First, download the imdb dataset.
./download_imdb.sh
Second, prepare the DuckDB database for correctness checking.
./build/build_database imdb.db
Build the project with the following commands:
cmake -S . -B build -DCMAKE_BUILD_TYPE=Release -Wno-dev
cmake --build build -- -j $(nproc)
You can run some quick unit tests that verify the correct execution of the program with:
./build/unit_tests
Execute the full query set with:
./build/run plans.json
Run individual queries (e.g. queries 1a
and 1b
) using:
./build/run plans.json 1a 1b
- Develop an efficient, in-memory join pipeline executor delivering high-performance across a wide range of hardware architectures and configurations.
- Evaluated on completely anonymized data and queries sampled from the Join Order Benchmark (J.O.B. on the IMDB Dataset).
- Input Data provided as in-memory, column-store, paginated tables. Produced output follows the same format.
- Join Execution Plan provided and optimized by PostgreSQL as a directed tree of Scan Nodes - representing input tables - and Join Nodes.
- Joins are performed only on integer fields, while Doubles and Strings can also appear in the result. Attributes can have null values.
- Example of a Join Plan:
- Analyze the Plan to classify columns as join fields, output-only attributes or unused.
- Unused columns are discarded. Remaining columns require fast random access.
- The vast majority of columns are fully packed without null values and can be accessed in place in constant time with a single division.
- Iterators are used when such columns are accessed serially to eliminate the division on the hot path.
- Remaining columns are copied in a contiguous array to enable random access.
- Strings are copied lazily only when they actually appear in the result using fast hardware instructions.
- Join execution can start early with output-only columns loaded lazily in the background.
- 99+% of columns never have to be loaded or are processed in the background, thereby approximating a completely zero-copy solution!
- Do not spend any time collecting stats in an attempt to beat Postgres’ plan optimizer.
- Hash table optimized for joins [1].
- Since inserts and lookups are not mixed, separate building and probing into distinct phases.
- Partition Data among workers to parallelize building.

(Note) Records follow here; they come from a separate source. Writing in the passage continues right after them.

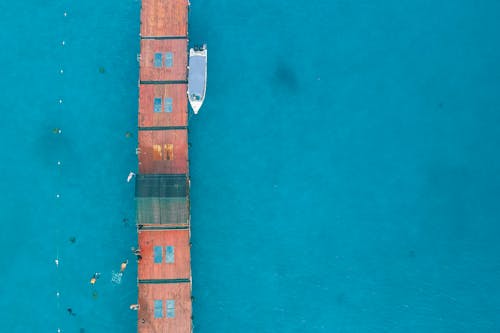 Boat by Pier in Exotic Sea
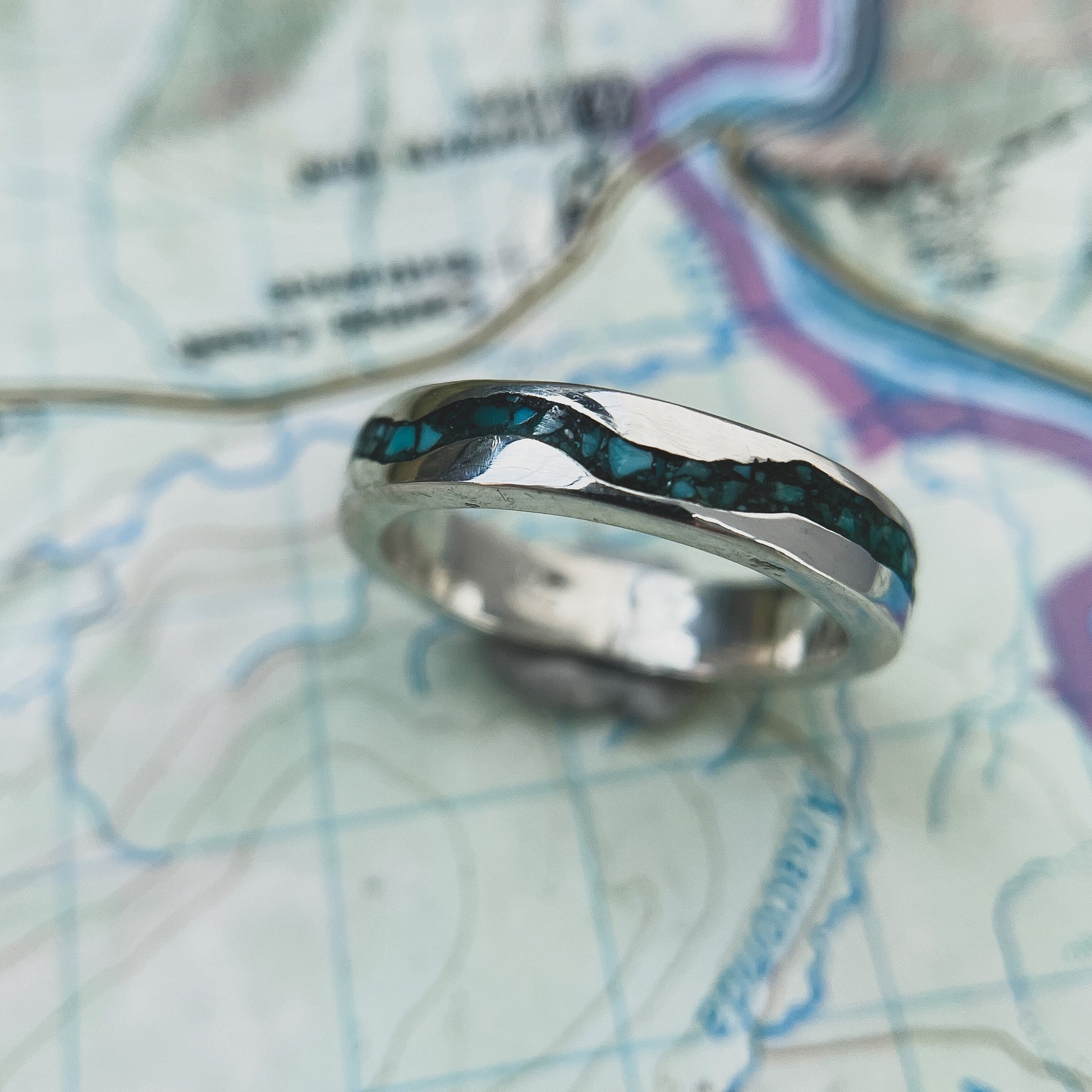 Rio Grande sterling silver turquoise inlay ring photographed on a topographic map.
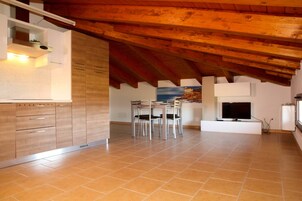 Una cocina moderna con armarios de madera, un comedor con sillas, un televisor y un cuadro en la pared.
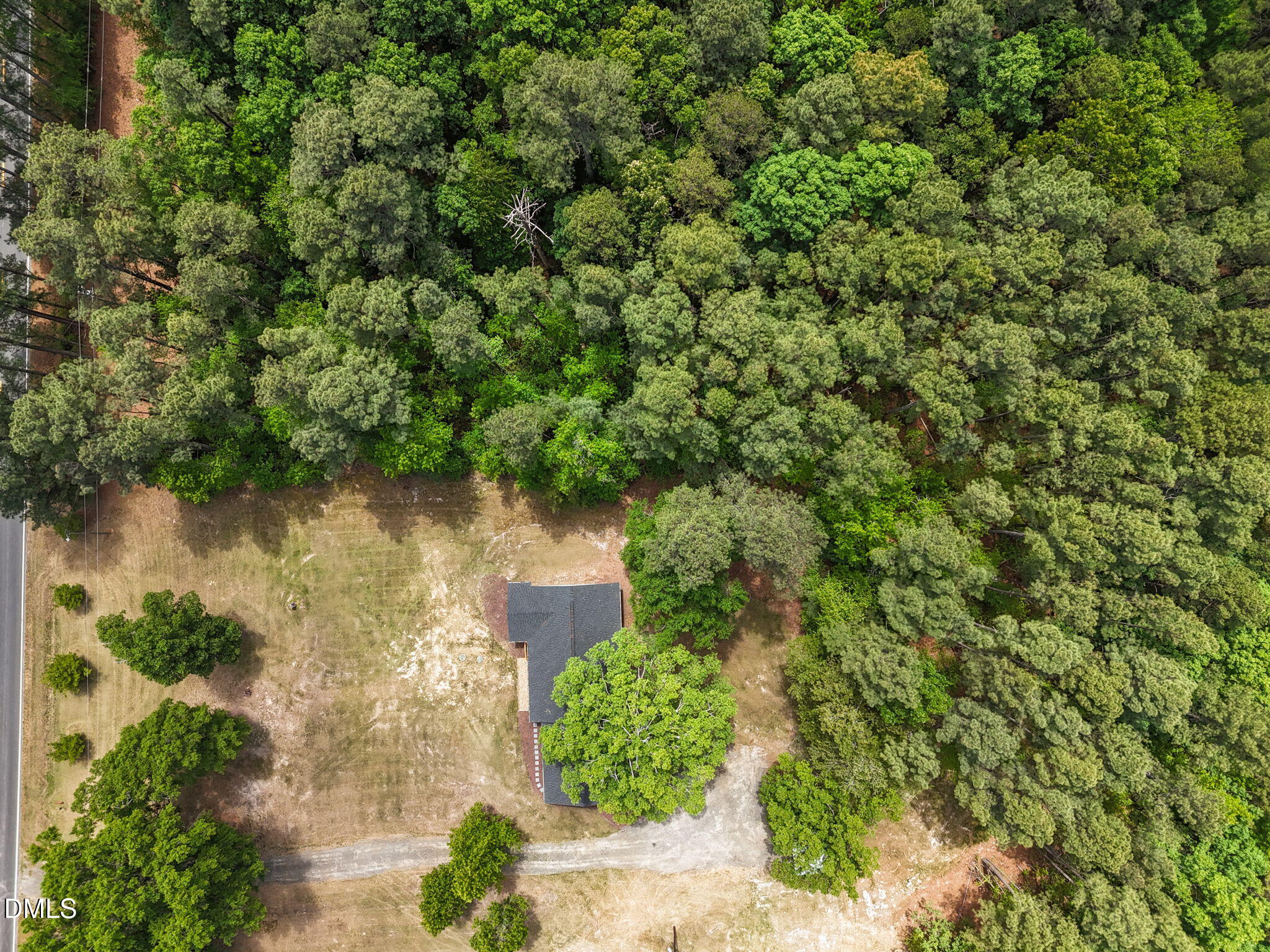 6561 Huntsboro Road Oxford, NC 27565 - Photo 8 of 41 a view of a lake with a house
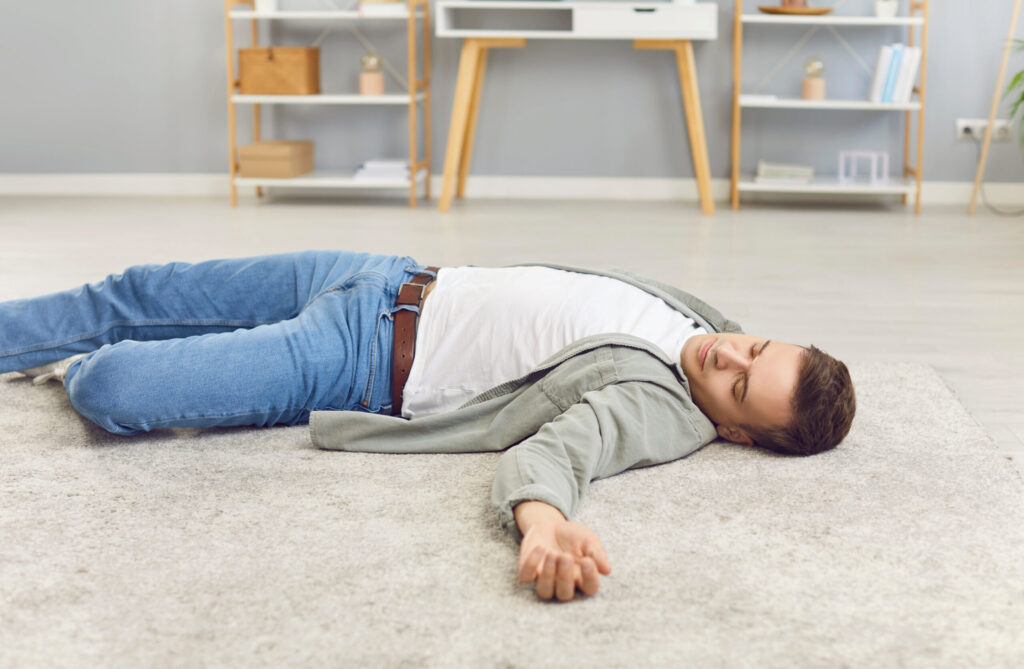 A man in casual clothes lies on his back on a carpeted floor in a bright living room, eyes closed and arm extended, appearing unresponsive or resting. Shelves and a desk are visible in the background.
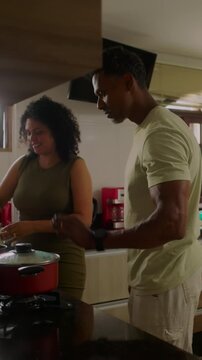 African American man checking simmering pot while Hispanic woman stands beside in kitchen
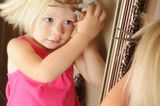 Kleines Mädchen steht mit Schere vorm Spiegel und schneidet sich die Haare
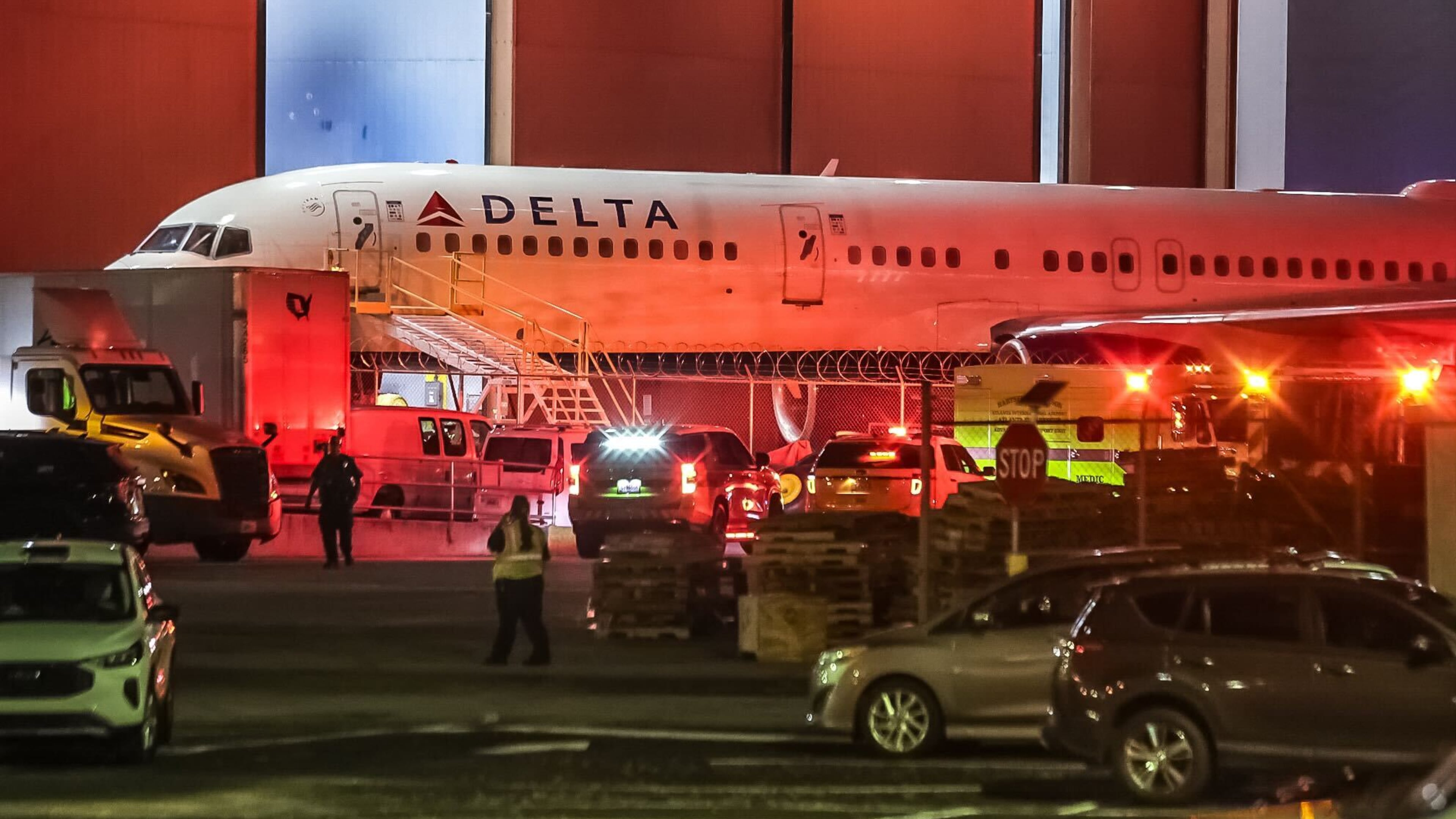 Emergency vehicles responded to the scene at a Delta Air Lines facility at Hartsfield-Jackson International Airport on Tuesday. (John Spink / John.Spink@ajc.com)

- All the entries of the table live in one large contiguous block, massively improving cache locality.
- Use of
CRC
hardware instruction instead of off-the-shelf hash functions to hash in only a few cycles while maintaining adequate collision resistance. - Built-in bloom filter in the lower 16-bits of directory pointer and use of precalculated tags for containment check.
- Late Record Materialization to eliminate unnecessary data copies to reduce cache pollution.
- Each join materializes the column needed for the next join in the pipeline to improve memory access patterns.
- Joins at the root of the tree materilaze the final output.
- Implement a Priority-Based Task Queue that dynamically assigns tasks on available hardware threads.
- Prioritize tasks that enable processing of interdependent joins.
- Morsel-driven Parallelism [2]: break down heavier jobs into self-contained tasks, each responsible for independently processing a smaller chunk of the data.
- Implement a lock-free chunk feeder mechanism to efficiently handle skew: tasks that finish early can dynamically “steal” pages from other tasks to balance workload.
- Each task independently produces paginated results and deposits them in dedicated per-worker slots without incurring any synchronization cost.
- Dynamic Job Batching for very small tasks to reduce overhead.
- Eliminate false sharing by properly aligning concurrently accessed data structures.
- Intermediate results are chunked and immediately forwarded so the next join in the pipeline can also progress while the data are still hot in CPU’s Caches.
- Completely lock-free pipeline implemented using atomic instructions to minimize synchronization overhead and enable finer granularity tasks.
- Every completed task executes part of the pipeline control logic - appropriately advancing pipeline state and kickstarting tasks for next stages or joins.
- Schedule further processing of the data to the same hardware thread that produced it - optimizing cache efficiency.